A outra questão, a de saber quanto
financeiramente custou a transferência ao Atlético de Madrid, é, para o
Benfica, uma questão completamente irrelevante. Se o atlético paga muito ou
pouco pela disponibilidade imediata do dinheiro é uma questão tão irrelevante
para o Benfica como para qualquer um de nós. A menos quo negócio seja outro. A
menos que o Atlético não tenha pago realmente pago a pronto o valor da
transferência ao Benfica, mas se tenha responsabilizado pelo pagamento dos
juros correspondentes à disponibilização imediata daquele pelo Benfica junto de
uma instituição de crédito. Neste caso seria interessante saber, não obstante a
responsabilidade assumida pelo Atlético de Madrid, se o Benfica não é
solidariamente ou subsidiariamente responsável pelo incumprimento do Atlético
de Madrid. A insistência por parte de alguns comentadores num montante,
aparentemente falso, da transferência (126 milhões de euros) e a recorrência com
que apelam (pode ser simples ignorância) ao conceito de “factoring”, levantam
algumas suspeitas.
O “Factoring” está regulado entre
nós pelo Decreto Lei n.º 171/ 95 de 17 de Julho. Tem três intervenientes – o Factor – aquele a quem é cedido o
crédito; Aderente - a entidade que requer os serviços de “factoring”,
na prática aquele que recebe adiantadamente o valor do crédito cedido ao factor;
e o Devedor – que é o cliente do
aderente, ou seja, o seu devedor.
O “Factoring” é assim uma operação
de crédito (mas não necessariamente) por via da qual a entidade financeira
adianta ou compra a outra empresa, chamada Aderente, os créditos, vencidos ou
vincendos, que esta detém sobre os seus clientes (Devedor).

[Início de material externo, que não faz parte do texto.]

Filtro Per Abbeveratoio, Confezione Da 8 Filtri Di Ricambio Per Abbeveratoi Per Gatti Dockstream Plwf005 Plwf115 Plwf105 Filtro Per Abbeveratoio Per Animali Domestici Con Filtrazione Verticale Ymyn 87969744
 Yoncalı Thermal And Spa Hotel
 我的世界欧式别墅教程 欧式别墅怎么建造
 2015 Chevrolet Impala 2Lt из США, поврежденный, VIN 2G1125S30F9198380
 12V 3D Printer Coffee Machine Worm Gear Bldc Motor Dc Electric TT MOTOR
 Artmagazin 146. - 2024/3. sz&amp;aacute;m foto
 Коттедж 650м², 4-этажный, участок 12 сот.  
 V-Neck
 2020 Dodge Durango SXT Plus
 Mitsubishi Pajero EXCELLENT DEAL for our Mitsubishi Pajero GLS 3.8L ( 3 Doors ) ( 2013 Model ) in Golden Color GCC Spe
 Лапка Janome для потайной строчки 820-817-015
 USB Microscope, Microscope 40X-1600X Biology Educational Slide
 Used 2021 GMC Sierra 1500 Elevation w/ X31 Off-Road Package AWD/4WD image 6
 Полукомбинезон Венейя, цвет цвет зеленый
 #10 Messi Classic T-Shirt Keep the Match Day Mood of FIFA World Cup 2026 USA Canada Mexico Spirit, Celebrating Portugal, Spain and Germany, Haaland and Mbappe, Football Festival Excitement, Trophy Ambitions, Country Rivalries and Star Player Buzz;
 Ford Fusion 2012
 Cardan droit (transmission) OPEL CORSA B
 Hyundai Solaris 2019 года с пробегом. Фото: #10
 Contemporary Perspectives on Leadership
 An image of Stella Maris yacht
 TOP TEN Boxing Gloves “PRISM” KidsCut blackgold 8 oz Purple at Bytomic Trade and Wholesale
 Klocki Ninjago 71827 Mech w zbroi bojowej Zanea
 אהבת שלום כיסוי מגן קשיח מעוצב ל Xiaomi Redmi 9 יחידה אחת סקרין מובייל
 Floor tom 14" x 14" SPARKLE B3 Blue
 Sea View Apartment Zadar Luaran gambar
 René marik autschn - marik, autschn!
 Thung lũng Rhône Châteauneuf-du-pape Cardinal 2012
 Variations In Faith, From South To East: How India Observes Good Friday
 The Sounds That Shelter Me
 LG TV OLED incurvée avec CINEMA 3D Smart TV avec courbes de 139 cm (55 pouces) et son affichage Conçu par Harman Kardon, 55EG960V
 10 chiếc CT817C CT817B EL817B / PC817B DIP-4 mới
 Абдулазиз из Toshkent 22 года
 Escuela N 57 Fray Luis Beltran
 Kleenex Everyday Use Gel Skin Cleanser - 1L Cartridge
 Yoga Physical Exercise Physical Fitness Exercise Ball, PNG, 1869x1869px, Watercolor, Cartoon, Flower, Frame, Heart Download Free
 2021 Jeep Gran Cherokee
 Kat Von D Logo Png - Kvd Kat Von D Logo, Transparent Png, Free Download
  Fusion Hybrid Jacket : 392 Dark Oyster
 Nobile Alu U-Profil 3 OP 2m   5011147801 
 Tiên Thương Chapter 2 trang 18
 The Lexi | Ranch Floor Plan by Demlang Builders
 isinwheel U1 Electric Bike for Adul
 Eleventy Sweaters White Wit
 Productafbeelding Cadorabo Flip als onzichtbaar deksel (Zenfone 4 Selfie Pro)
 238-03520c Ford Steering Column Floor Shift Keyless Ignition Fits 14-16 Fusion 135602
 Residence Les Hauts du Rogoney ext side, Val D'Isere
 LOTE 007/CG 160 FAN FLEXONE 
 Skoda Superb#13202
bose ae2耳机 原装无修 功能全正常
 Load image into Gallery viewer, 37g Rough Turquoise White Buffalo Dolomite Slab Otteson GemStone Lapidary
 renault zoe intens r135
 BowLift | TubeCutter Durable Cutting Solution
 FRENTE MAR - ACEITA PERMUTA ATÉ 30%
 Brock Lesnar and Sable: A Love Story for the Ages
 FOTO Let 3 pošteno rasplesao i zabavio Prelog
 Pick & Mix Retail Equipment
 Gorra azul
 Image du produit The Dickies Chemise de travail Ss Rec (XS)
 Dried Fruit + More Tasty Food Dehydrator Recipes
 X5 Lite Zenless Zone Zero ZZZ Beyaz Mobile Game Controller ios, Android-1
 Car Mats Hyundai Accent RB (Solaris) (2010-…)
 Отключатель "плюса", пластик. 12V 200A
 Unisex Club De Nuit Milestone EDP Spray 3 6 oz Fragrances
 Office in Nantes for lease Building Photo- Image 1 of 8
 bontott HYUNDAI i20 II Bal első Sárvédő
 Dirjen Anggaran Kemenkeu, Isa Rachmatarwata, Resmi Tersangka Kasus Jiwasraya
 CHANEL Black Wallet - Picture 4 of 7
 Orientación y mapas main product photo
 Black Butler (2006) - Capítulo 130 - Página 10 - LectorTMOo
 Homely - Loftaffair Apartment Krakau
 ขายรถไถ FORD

O “factoring” pode ser negociado
com recurso e sem recurso . Diz-se que o “factoring” é com recurso quando o Factor tem o direito de receber do Aderente o valor do adiantamento no
caso de incumprimento do devedor. E diz-se sem recurso na hipótese inversa, ou
seja, quando o Factor assume o risco integral da operação nada podendo reclamar
do aderente se o devedor não pagar.
Escusado será dizer que naqueles
casos em que o “Factor” adianta a totalidade do crédito dificilmente se poderá conceber
um “factoring” sem recurso; já na hipótese inversa, quando o Factor “ compra” o
crédito por um montante muito inferior ao seu valor nominal, o “factoring” será
normalmente sem recurso, assumindo o Factor o risco integral da operação.
É portanto caso para perguntar: a
que propósito é que os “comentadores bem informados” vieram falar de “factoring”?
Será por pura “parolice”. Ou será que
eles sabem mais do que aquilo que dizem, embora não tenham a correcta noção do
que estão a dizer?
Tudo isto porque o mundo dos
negócios é esta permanente obscuridade e opacidade, que não são exclusivas do
futebol e muito menos deste ou daquele clube, desta ou daquela federação ou união de federações, mas de todos os
negócios, sempre em prejuízo dos mesmos!